Original Link: http://www.anandtech.com/show/6196/preparing-for-the-iphone-next-rumors-analyzed
Preparing for the iPhone Next: Rumors Analyzedby Brian Klug & Anand Lal Shimpi on August 27, 2012 9:40 PM EST
While we typically don't comment on rumors we don't know to be true at AnandTech, we often get requests to help set rational expectations ahead of major iDevice launches. The shroud of secrecy around major Apple launches can pave the way for both sensible and unrealistic conclusions.
Given the growth of Apple's iPhone/iPad devices, it has become increasingly difficult for suppliers in the chain to remain mum about any changes. Similar to how we often get early access to CPUs, motherboards and other components out of Taiwan, it has become increasingly commonplace to see leaks of iDevice components out of the big ODMs in China.

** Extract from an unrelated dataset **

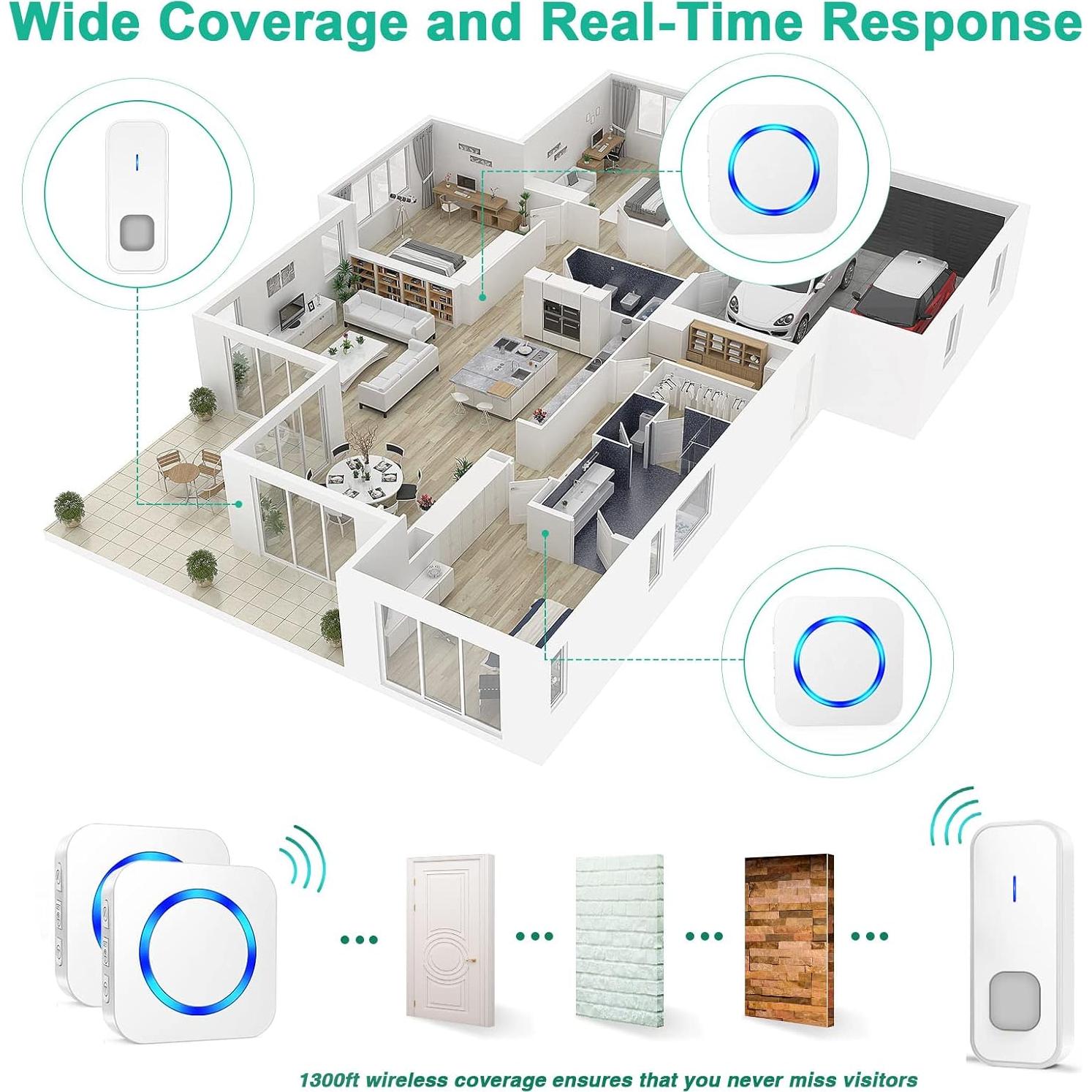 Timbre Inalámbrico SURFOU con 2 Receptores IP55 55 Tonos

Apple is largely expected to launch its sixth iPhone next month. The historical cadence of design, SoC, and cellular changes are in the table below:
|Apple iPhone - Historical Trends|
|Release Year||Industrial Design||CPU Architecture||GPU Architecture||Cellular Architecture|
|iPhone||2007||1st gen||ARM11||MBX-lite||Infineon S-Gold 2|
|iPhone 3G||2008||2nd gen||ARM11||MBX-lite||Infineon X-Gold 608|
|iPhone 3GS||2009||2nd gen||Cortex A8||SGX-535||Infineon X-Gold 608|
|iPhone 4||2010||3rd gen||Cortex A8||SGX-535||Infineon X-Gold 618 in 4 GSM / Qualcomm MDM6600 in 4 CDMA|
|iPhone 4S||2011||3rd gen||2 x Cortex A9||SGX-543MP2||Qualcomm MDM6610 (MDM6600 w/ ext. trans)|
Trends are pretty easy to spot in the table. With the exception of the first iPhone, the industrial design appears to be on a 2-year cadence. The CPU and GPU architectures are also on the same 2-year cadence. From a silicon standpoint even the cellular architecture is trending towards the same 2-year cadence, with a few notable exceptions (e.g. GSM/CDMA iPhone 4 divide).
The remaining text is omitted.